Additionally, a random process that is weakly stationary has a constant mean, \(\mu = E(Y_t) = E(Y_s)\), and constant variance, \(\sigma^2=Var(Y_t) = Var(Y_s)\). When we use the term “stationary” from now on, we refer to a “weak stationary” process.

A random process is weakly stationary if it has a

Constant Mean \(\mu = E(Y_t) = E(Y_s)\)
Constant Variance \(\sigma^2=Var(Y_t) = Var(Y_s)\)
Autocovariance (and autocorrelation) Function is only a function of the vector difference in time/space

In a covariance matrix, the constant variance of stationarity, \(\sigma_{i}^2 = \sigma^2\), means that we can write the covariance matrix as the variance times correlation matrix,

\[\boldsymbol{\Sigma}_Y = \sigma^2\mathbf{R}_Y\] where \(\mathbf{R}_Y\) is the correlation matrix.

Additionally, with the stationary assumption, the correlation matrix can be written in terms of the vector difference in time/space, similar to the covariance matrix.

If we are considering spatial data where space is defined by longitude and latitude, a weakly stationary process means that the covariance depends on the difference between two points in space, which is defined by both the distance (as the crow flies Euclidean distance) and the direction (e.g., a point on a compass such as NE or West or defined as the angle degrees from North).
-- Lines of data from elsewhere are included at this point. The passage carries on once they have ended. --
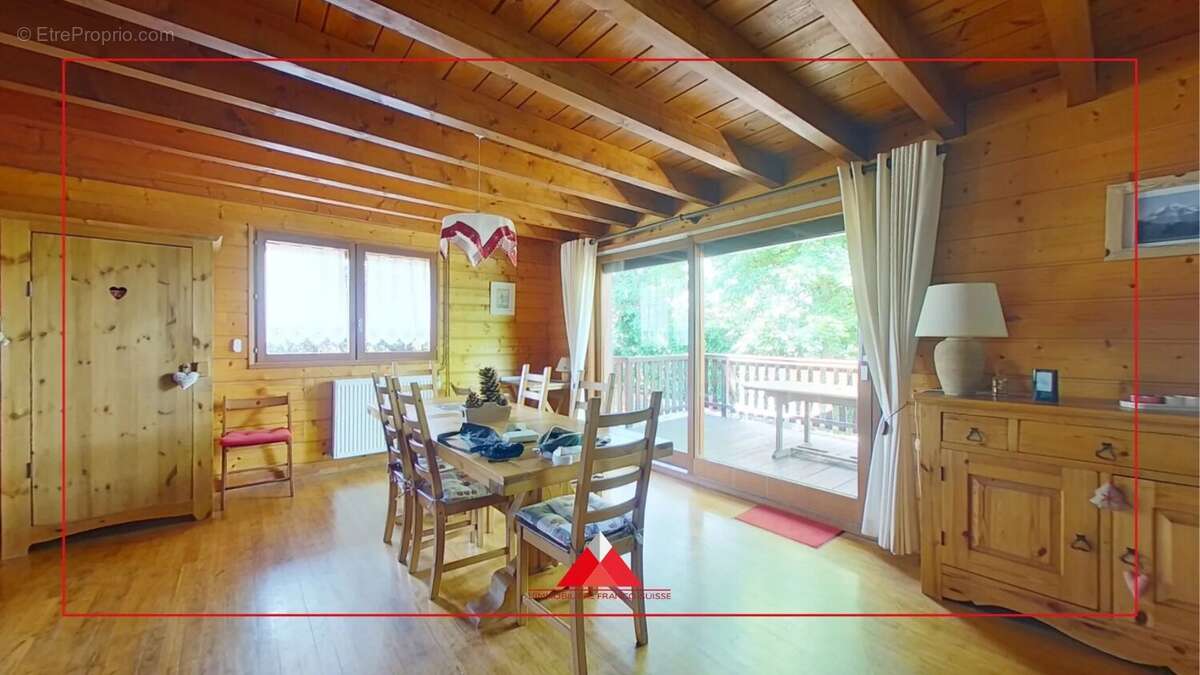 Chalet de 102 m² à Chapois - photo 2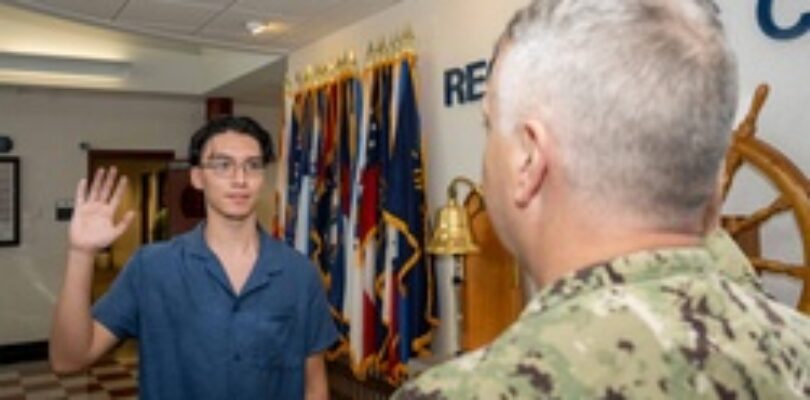 CNRC Conducts an enlistment ceremony [Image 1 of 10]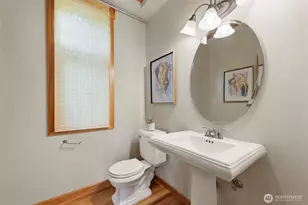 16 Florentia St, Seattle, WA 98109 - Photo 11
In linear algebra terminology, the difference is the vector difference.

3.3.1.2 Isotropy

A stronger assumption than weak stationarity is that the autocovariance function depends only on the distance in time/space, \(||s-t||\).

If this is true, then we typically say that the autocovariance function and random process are isotropic, such that the dependence doesn’t change as a function of the angle of the difference in space (NE v. West) but just the vector distance or vector norm. That is, \[\Sigma_Y(t, s) = \Sigma_Y(||s-t||)\]

Notes:

This distinction only applies to spatial data in which our index is a vector of length two or more.
Many spatial models we will use assume an isotropic covariance function.
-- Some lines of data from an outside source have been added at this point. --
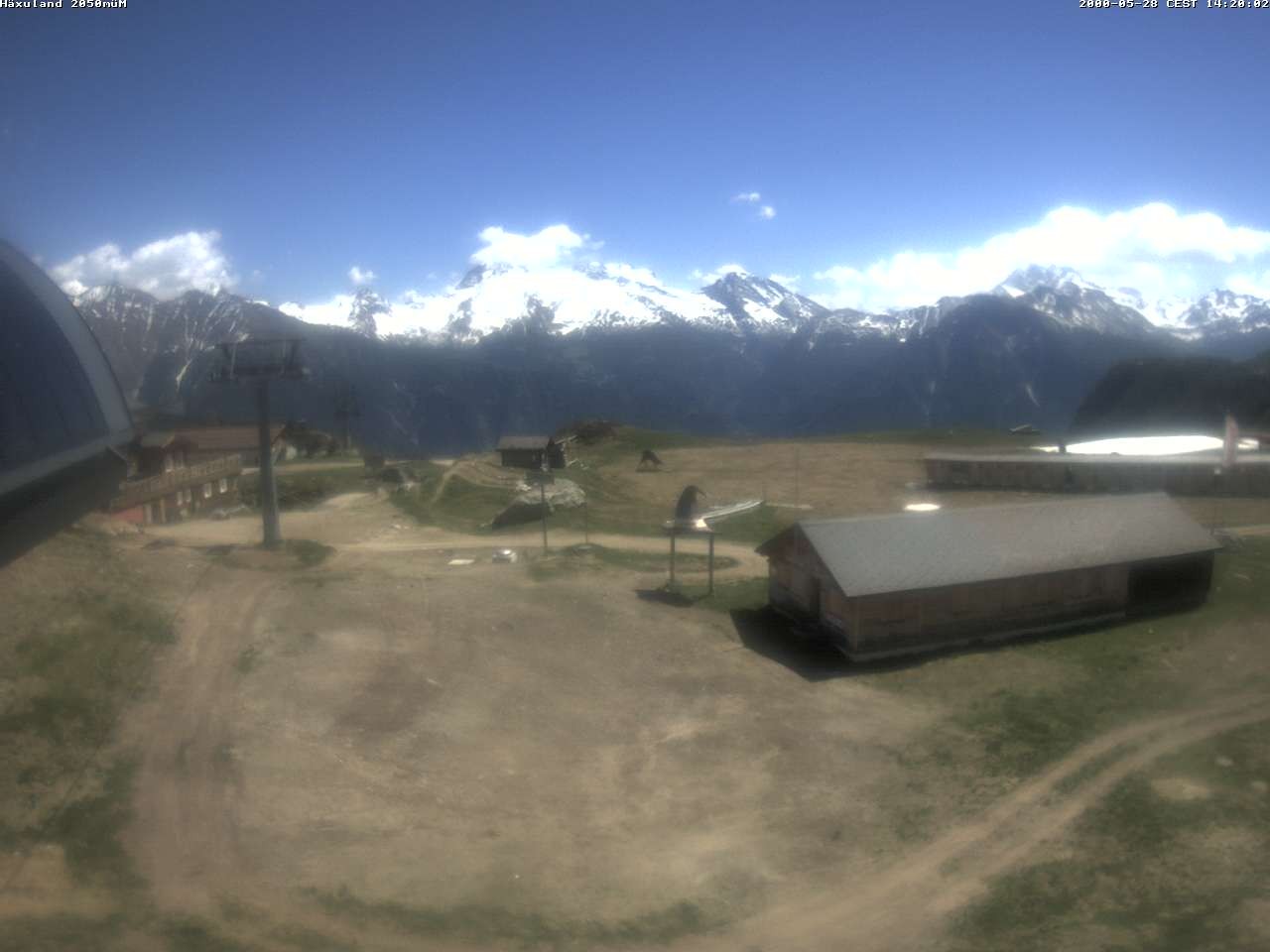 Archived image Webcam Top station gondola Blatten-Chiematte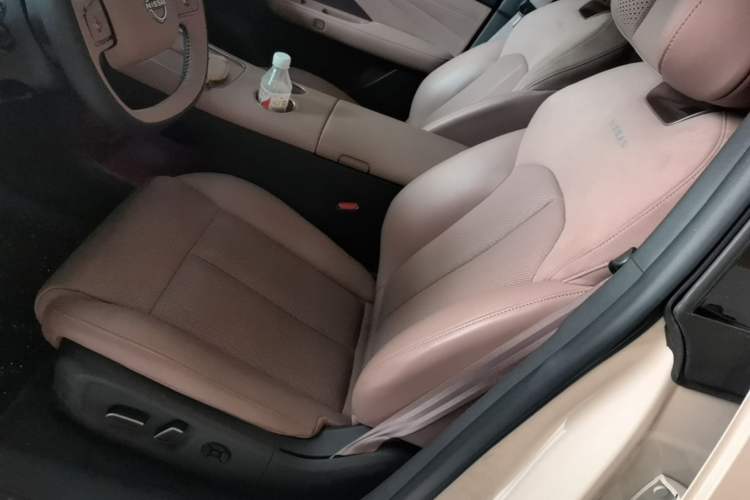 Used Nissan N7 2025 510 Pro Left Front Seat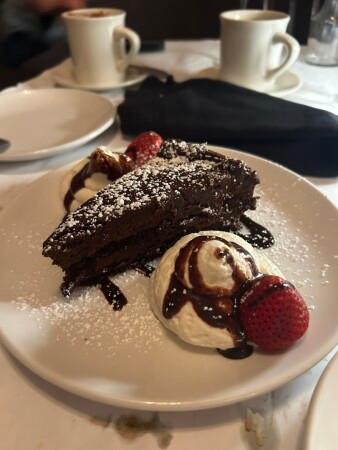 Best Sports Bars in Bayside - Bourbon Street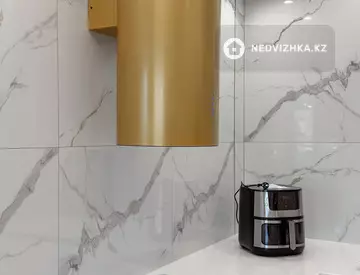 4-комнатная квартира, этаж 10 из 10, 136 м²
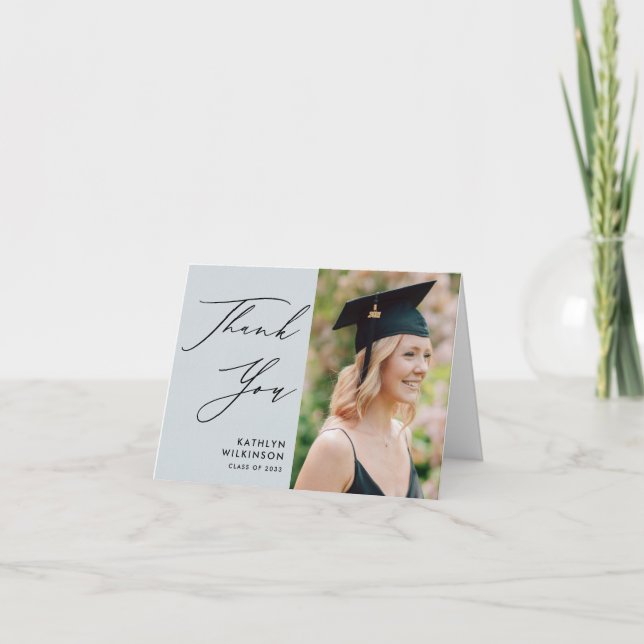 Dusty Blue Elegant Script Minimalistisch Abschluss Dankeskarte (Vorderseite)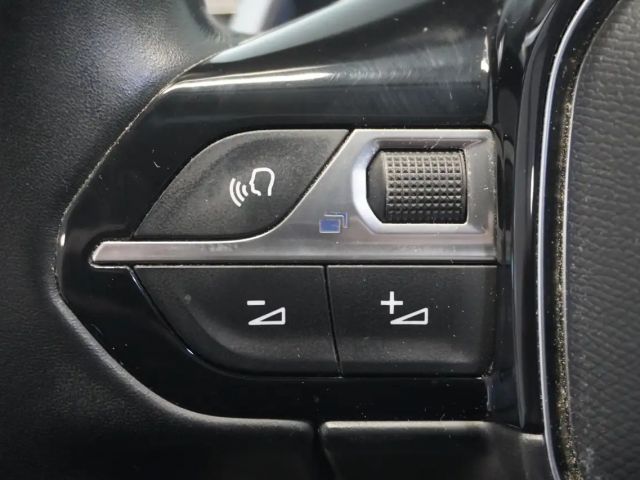 Peugeot 5008 Aut. LED/7Sitze/Navi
3.3.1.3 Intrinsic Stationarity

If assuming a process is weak stationary is too strong of a constraint, a slightly weaker constraint is that a random process is intrinsic stationary if

\[Var(Y_{s+h} - Y_s)\text{ depends only on h}\] meaning that the variance of the difference of random variables only depends on the vector difference, \(h\), in time or space.

This is similar to the concept of weak stationarity, but weak stationarity implies intrinsic stationarity but not vice versa.

3.3.2 Common Model Structures

Here are some common correlation functions that are all weakly stationary and isotropic:

3.3.2.1 Compound Symmetry / Exchangeable correlation

The correlation between two random variables is constant, no matter the difference in time/space.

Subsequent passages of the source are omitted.